COMMENTARY

The Magpie Approach to Gender Equity
Committee for the Preservation of Women and Education

In his budget submission for 1994-95 and 1995-96, the Dean of the College of Education, University of Saskatchewan, has proposed the deletion of the "Women and Education" position in the Department of Educational Foundations, at the end of the academic year 1994-95. The deletion of this position will effectively silence feminist research and teaching at the College of Education. That this deletion was announced the same year that was designated the year of feminist pedagogy at the University of Saskatchewan (1993) was perhaps an unintended irony.

The deletion of this position will effectively silence feminist research and teaching at the College of Education.

According to the Dean, "With the deletion of the EDFTD 1 (Women in [sic] Education) position, the field of study would be discontinued in the Department of Educational Foundations. Since the Department of Women [sic] and Gender Studies is to be expanded, since gender issues are to be addressed in various courses in the College, and since several new faculty members with some expertise in the area have been hired in the past three years, there is a 'safety net' for the preservation of this field of study" (Murray P. Scharf, October 1993).

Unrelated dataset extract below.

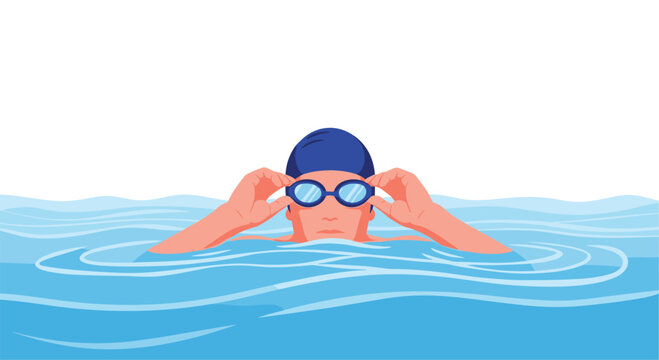 Male swimmer wearing a blue swimming cap and goggles looking forward while wading in blue rippling water waves.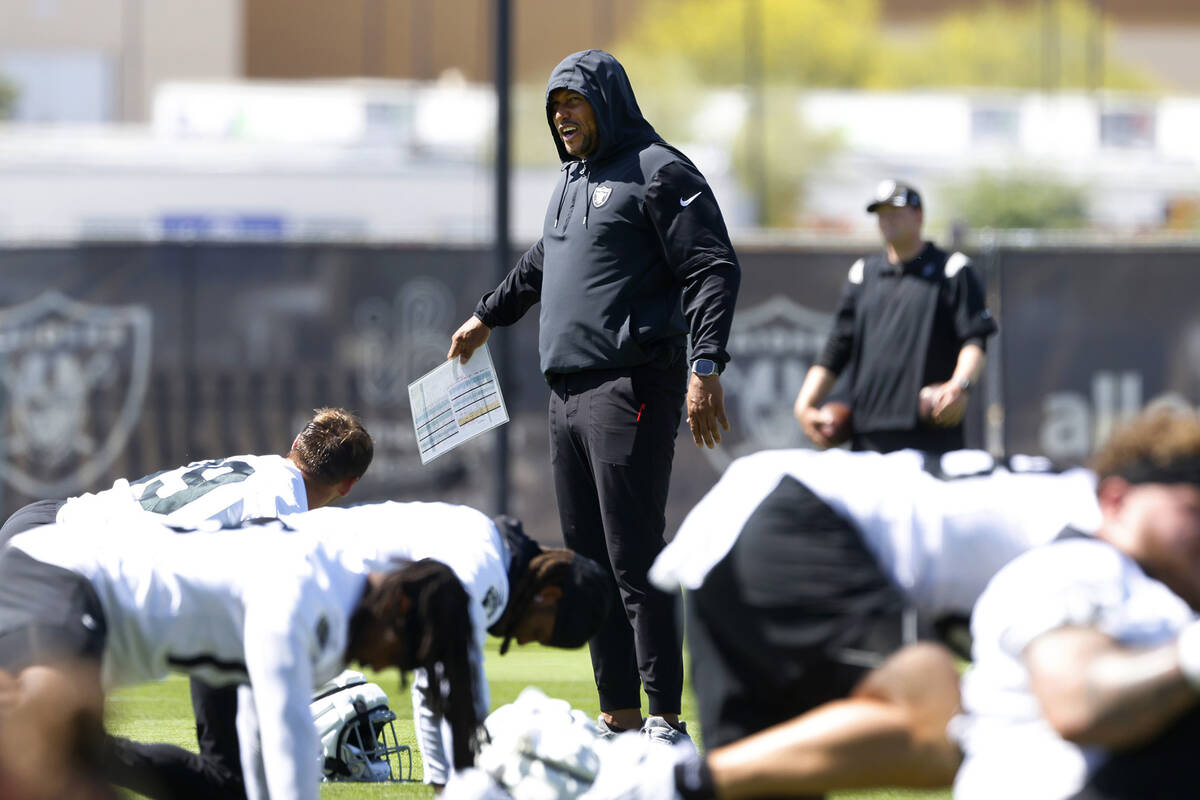 Raiders head coach Antonio Pierce watches his players stretch during team's practice at the Int ...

The position, as Professor Emerita Irene A. Poelzer has developed it for over twenty years, is unique in the College of Education in that it provides two courses where undergraduate students are able to explore the sociological, historical, and ideological dimensions of gender inequity, a particularly important study in the context of an institution which prepares mainly women for a profession administered mainly by men. In these courses, students examine gender inequity within the teaching profession, its historical roots, and its changing character. Future educators are encouraged to develop teaching styles that avoid perpetuating sexism and that promote the fullest development of girls' and women's potential.

Other courses within the College do not offer, not can they be reasonably expected to offer, this type of in-depth investigation and reflection. Students in these classes, both male and female, commonly express their appreciation for the course in comments similar to this one: "As [someone] who will soon be responsible for the development of students' minds, I feel I would have been short-changed if I hadn't taken a course like this."